- [What the exercise asks]:
Below this line is a set of entries; quote exactly the lines from the line that contains "Glint Hawk - SOM" to the line that contains "Kia Rio I Рестайлинг", both lines included.

═════ Data shown ═════

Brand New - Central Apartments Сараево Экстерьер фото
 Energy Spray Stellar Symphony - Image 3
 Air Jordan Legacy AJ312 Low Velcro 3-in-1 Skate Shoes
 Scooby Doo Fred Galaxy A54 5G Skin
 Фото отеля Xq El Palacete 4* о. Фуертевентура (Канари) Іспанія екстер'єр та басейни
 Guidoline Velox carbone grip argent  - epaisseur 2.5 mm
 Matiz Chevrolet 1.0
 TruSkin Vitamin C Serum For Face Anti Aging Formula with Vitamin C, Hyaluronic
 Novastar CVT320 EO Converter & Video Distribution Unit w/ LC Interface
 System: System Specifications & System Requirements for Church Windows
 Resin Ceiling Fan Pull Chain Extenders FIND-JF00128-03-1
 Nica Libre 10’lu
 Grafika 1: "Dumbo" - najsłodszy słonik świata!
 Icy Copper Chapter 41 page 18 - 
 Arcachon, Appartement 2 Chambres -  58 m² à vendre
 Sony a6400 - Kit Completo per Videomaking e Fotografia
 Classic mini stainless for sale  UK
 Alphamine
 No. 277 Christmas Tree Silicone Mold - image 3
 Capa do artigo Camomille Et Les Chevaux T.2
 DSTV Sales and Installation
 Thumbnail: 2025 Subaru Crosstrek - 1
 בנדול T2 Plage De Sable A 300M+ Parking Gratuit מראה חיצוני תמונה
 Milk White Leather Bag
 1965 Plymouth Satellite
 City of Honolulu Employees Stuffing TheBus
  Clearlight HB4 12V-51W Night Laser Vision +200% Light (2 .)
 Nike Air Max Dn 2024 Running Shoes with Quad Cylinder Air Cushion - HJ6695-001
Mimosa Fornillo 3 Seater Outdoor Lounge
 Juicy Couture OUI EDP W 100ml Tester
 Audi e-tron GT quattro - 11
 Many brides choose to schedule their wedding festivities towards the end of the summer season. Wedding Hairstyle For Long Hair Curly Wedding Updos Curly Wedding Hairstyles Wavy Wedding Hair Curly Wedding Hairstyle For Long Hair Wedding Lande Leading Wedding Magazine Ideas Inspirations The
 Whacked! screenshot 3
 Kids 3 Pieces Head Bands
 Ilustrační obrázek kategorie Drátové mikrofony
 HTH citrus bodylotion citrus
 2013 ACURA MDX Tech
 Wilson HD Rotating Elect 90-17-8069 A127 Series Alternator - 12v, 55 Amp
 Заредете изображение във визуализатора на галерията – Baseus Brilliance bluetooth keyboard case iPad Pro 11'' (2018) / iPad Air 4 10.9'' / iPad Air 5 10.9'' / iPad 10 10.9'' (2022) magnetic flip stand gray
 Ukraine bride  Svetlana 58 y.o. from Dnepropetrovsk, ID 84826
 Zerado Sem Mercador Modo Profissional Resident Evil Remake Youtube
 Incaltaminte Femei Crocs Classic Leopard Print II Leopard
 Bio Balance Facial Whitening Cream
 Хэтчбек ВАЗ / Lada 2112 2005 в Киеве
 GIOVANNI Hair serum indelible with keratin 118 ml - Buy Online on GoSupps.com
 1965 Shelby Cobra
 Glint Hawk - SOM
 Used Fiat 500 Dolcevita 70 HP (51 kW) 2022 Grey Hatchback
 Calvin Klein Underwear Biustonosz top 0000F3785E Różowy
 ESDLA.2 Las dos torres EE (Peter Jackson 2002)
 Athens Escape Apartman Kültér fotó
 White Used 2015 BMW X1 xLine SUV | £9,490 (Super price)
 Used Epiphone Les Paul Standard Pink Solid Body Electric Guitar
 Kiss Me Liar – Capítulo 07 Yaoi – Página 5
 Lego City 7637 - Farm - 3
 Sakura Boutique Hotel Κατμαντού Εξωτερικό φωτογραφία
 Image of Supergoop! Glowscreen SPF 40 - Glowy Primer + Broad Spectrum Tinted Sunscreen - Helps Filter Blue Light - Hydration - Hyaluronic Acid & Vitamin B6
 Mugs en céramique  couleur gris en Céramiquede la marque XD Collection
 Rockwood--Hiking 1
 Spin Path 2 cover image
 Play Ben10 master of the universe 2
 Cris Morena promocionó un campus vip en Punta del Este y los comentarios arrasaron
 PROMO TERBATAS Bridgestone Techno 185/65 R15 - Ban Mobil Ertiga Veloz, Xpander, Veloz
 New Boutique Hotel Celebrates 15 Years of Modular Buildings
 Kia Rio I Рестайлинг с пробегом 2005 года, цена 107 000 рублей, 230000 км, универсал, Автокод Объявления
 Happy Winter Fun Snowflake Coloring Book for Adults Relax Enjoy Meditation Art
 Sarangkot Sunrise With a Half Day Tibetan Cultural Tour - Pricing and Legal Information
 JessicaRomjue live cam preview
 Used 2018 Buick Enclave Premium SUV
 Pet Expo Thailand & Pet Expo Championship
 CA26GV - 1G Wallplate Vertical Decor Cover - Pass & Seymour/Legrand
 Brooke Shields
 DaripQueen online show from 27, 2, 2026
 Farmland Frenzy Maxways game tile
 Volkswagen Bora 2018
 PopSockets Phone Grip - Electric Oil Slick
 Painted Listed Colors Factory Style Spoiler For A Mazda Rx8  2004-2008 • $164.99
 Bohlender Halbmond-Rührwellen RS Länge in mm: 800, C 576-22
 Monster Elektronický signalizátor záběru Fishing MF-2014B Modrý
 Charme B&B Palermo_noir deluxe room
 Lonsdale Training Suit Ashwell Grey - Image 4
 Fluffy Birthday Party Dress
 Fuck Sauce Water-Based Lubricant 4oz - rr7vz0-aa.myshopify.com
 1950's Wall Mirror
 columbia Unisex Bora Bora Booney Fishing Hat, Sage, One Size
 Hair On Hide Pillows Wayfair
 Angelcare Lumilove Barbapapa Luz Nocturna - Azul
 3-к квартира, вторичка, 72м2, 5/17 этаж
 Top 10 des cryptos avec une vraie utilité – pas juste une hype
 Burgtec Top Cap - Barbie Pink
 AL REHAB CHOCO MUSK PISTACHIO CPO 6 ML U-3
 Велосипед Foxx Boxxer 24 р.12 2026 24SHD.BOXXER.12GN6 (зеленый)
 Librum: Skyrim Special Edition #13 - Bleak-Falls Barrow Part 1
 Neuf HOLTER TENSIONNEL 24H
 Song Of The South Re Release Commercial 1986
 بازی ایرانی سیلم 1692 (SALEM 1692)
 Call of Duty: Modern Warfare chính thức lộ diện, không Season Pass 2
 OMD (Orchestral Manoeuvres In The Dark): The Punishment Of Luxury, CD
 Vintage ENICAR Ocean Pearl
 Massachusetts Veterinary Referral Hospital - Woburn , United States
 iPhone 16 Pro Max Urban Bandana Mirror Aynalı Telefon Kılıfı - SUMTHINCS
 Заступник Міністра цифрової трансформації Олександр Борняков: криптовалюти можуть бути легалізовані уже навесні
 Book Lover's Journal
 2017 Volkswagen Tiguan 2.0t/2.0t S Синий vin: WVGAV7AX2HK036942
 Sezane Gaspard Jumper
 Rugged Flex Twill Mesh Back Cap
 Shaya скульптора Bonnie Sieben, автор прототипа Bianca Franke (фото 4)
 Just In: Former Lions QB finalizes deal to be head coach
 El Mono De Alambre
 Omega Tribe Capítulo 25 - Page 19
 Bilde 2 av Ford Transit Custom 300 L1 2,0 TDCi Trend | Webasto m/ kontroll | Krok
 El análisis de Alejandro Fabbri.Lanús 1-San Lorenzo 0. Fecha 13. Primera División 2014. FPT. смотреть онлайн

═════

- [Exercise answer]:
 Glint Hawk - SOM
 Used Fiat 500 Dolcevita 70 HP (51 kW) 2022 Grey Hatchback
 Calvin Klein Underwear Biustonosz top 0000F3785E Różowy
 ESDLA.2 Las dos torres EE (Peter Jackson 2002)
 Athens Escape Apartman Kültér fotó
 White Used 2015 BMW X1 xLine SUV | £9,490 (Super price)
 Used Epiphone Les Paul Standard Pink Solid Body Electric Guitar
 Kiss Me Liar – Capítulo 07 Yaoi – Página 5
 Lego City 7637 - Farm - 3
 Sakura Boutique Hotel Κατμαντού Εξωτερικό φωτογραφία
 Image of Supergoop! Glowscreen SPF 40 - Glowy Primer + Broad Spectrum Tinted Sunscreen - Helps Filter Blue Light - Hydration - Hyaluronic Acid & Vitamin B6
 Mugs en céramique  couleur gris en Céramiquede la marque XD Collection
 Rockwood--Hiking 1
 Spin Path 2 cover image
 Play Ben10 master of the universe 2
 Cris Morena promocionó un campus vip en Punta del Este y los comentarios arrasaron
 PROMO TERBATAS Bridgestone Techno 185/65 R15 - Ban Mobil Ertiga Veloz, Xpander, Veloz
 New Boutique Hotel Celebrates 15 Years of Modular Buildings
 Kia Rio I Рестайлинг с пробегом 2005 года, цена 107 000 рублей, 230000 км, универсал, Автокод Объявления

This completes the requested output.